Climate Interactive, a “climate change think tank” has created a Green Infrastructure Scenarios Tool (GIST) for Milwaukee, Wisconsin, that allows for scenario testing related green infrastructure investment and future precipitation scenarios. The simulation allows users to test investments into different types of infrastructure for managing stormwater, and supports exploration of different possible future rainfall patterns, to see how investments might turn out under various future climate conditions.  Users can build more grey infrastructure or invest in new green infrastructure for 8 different classes of green infrastructure, such as green roofs, pervious pavement, and rain gardens. The simulation reports a full picture of the implications of each investment.

The GIST focuses on the Kinnickinnic River watershed, a 26 square mile area in greater Milwaukee. One of the most densely populated and highly paved parts of the city, this watershed has experienced repeated extreme flooding and combined sewer overflows.

According to Climate Interactive, the inspiration for the work is the increase in flooding events in Milwaukee and the expectation that, with climate change, there will be a further increase in extreme precipitation events. But the project goes far beyond the single dimension of stormwater management by helping the community identify the actions and investments that build readiness for more intense storms and improve the everyday livability of the community.

The tool is a system dynamics simulation that tracks the value of green and grey infrastructure based on a user’s decisions about current or future allocation of investment. The user can also set different precipitation projections and modify the assumptions about the effectiveness of different types of green infrastructure at capturing and retaining water. The simulation makes it easier to understand how storm water systems might perform in response to different future rainfall patterns, as well as the implications for both upfront and operational costs and the non-stormwater benefits that accrue with each scenario. A range of benefits beyond stormwater management are tracked and reported, including water quality improvements, jobs, air quality improvements and energy savings.

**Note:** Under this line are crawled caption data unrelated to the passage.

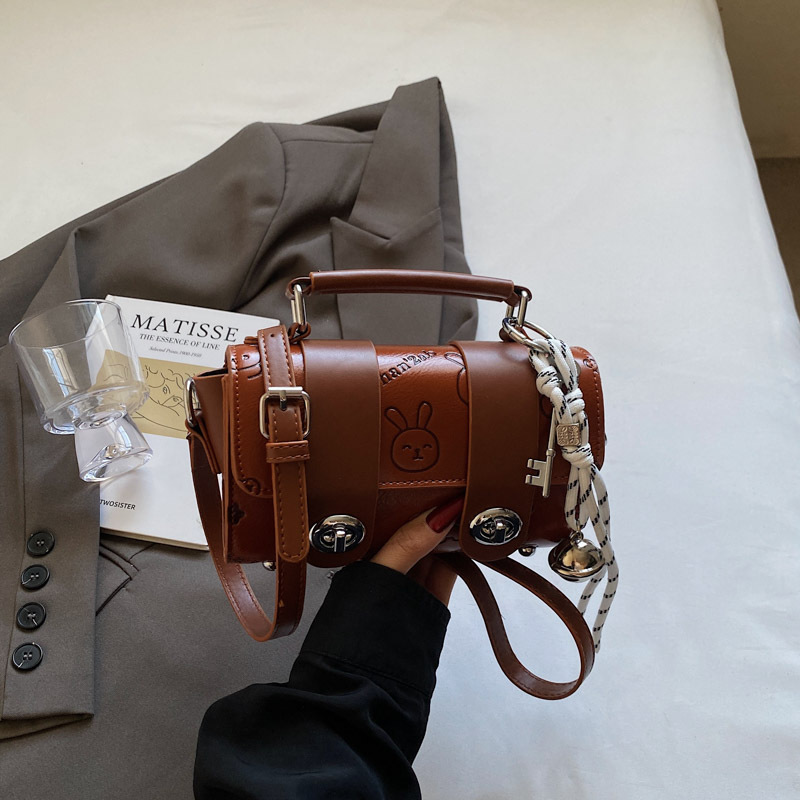 Fresh And Trendy Underarm Bag 2025 Early Spring Trendy Designer Fashion Matching Shoulder Crossbody Bag Fashionable Niche Crossbody Handbag Wallet Sto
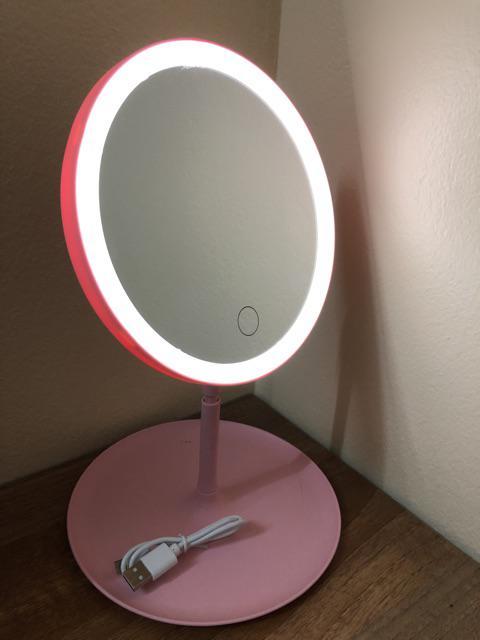 Gương soi trang điểm 3 trong 1 cao cấp: để bàn, mang đi khi du lịch có gắn đèn led cao cấp, Gương tròn trang điểm gắn đèn led xung quanh dùng sạc điện vô cùng tiết kiệm và an toàn, giúp trang điểm trong mọi hoàn cảnh, ở bất kỳ đâu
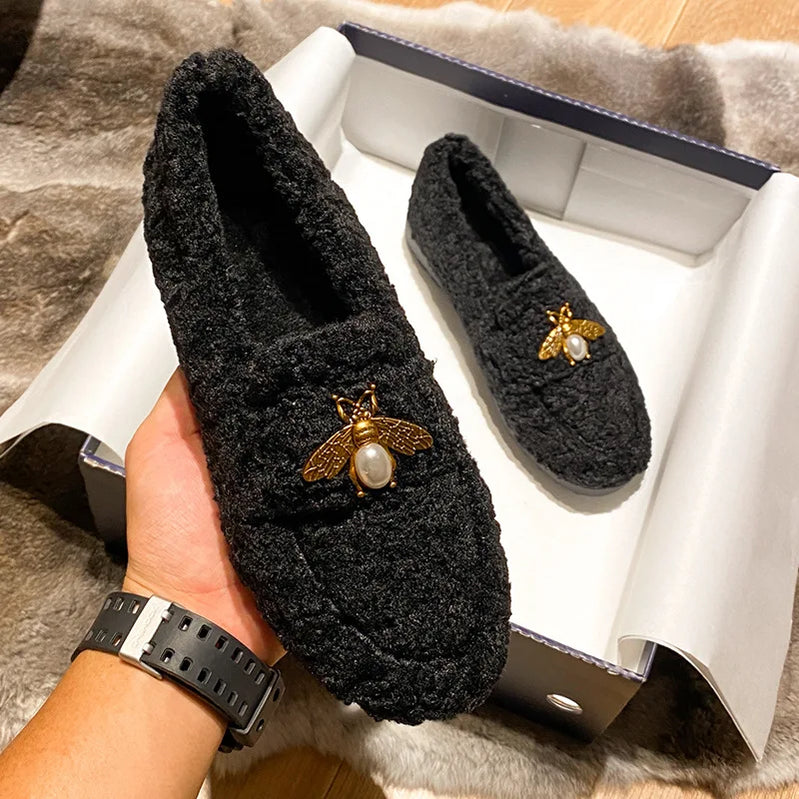 Women's Winter Plush Shoes Wear non slip warm flat bottomed snow boots Fashion belongs to decorative design Large 41-43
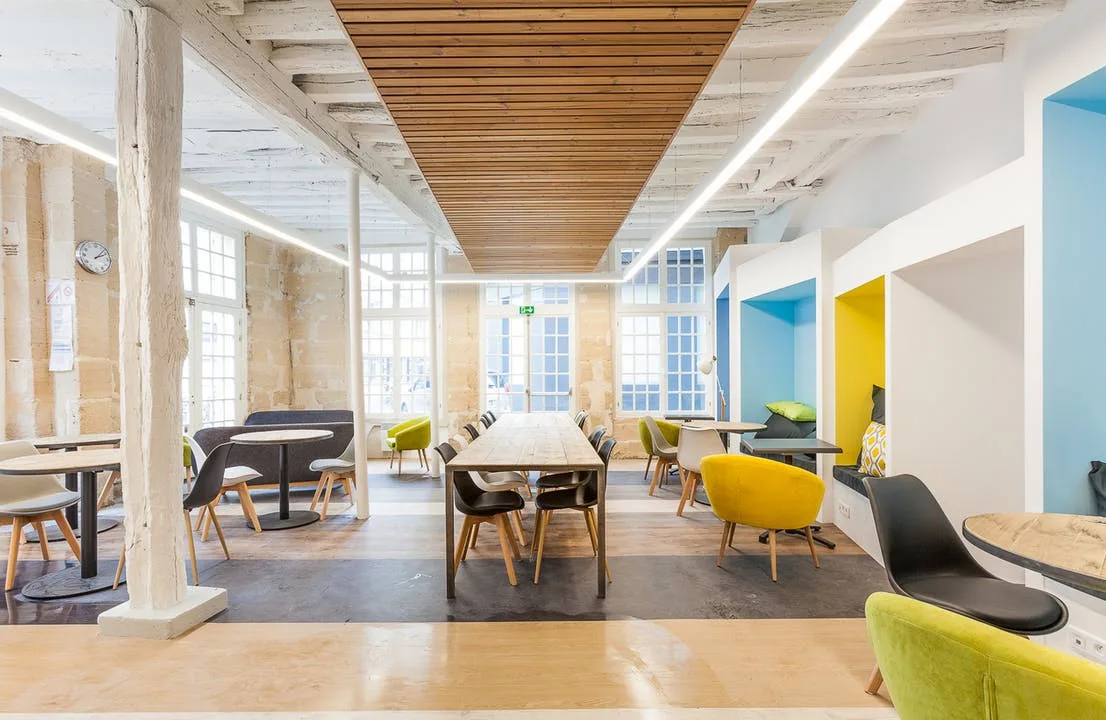 Versatile 100 sqm Ground Floor Space in Le Marais, Paris — 3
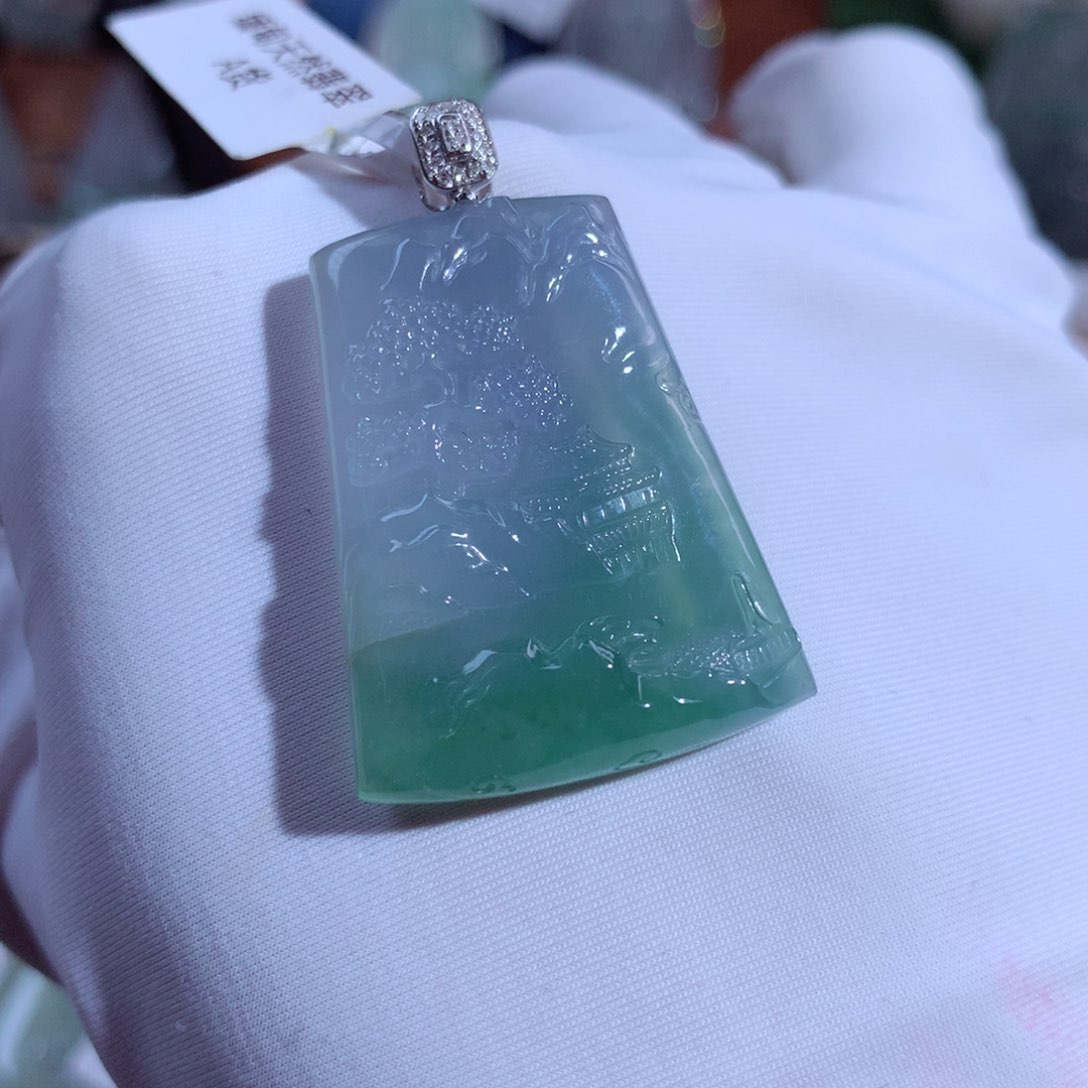 翡翠颈饰18K金镶嵌山水牌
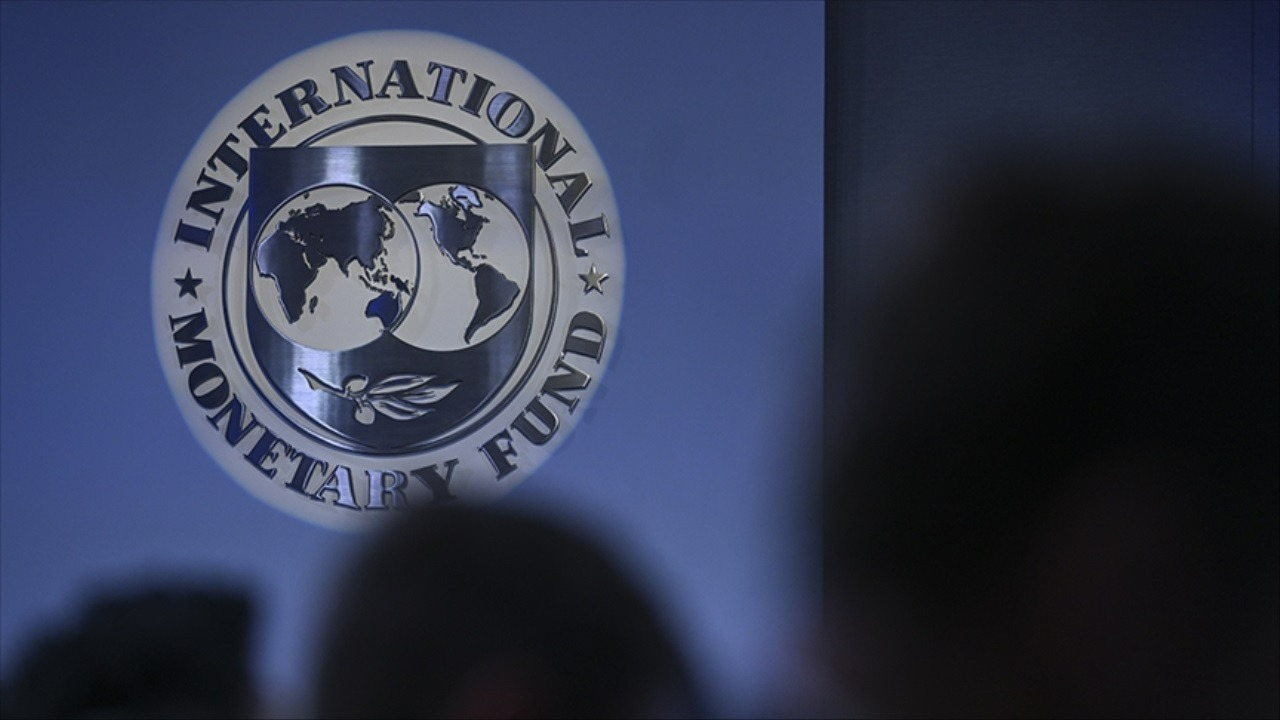 IMF'den kritik uyarı! Küresel ekonomide riskler aşağı yönlü, büyüme beklentileri zayıf!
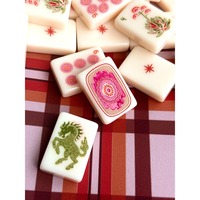 Luxuriöses Wild Mare Desert Rose Mahjong-Set mit 160 Steinen, handgefertigt aus Acryl, Designer-Kollektion für festliche Schachspiele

The available outputs from the Green Infrastructure Scenarios Tool include:

  • measurements of system performance including annual number of overflow events and basement flooding;
  • capital and operations costs; and
  • co-benefits, including jobs, property values, beach closures, water quality, and energy savings.

 

 

Climate Interactive has created this prototype system dynamics simulation of investment in green infrastructure in partnership with the Milwaukee Metropolitan Sewerage District (MMSD) and with support from the Surdna Foundation.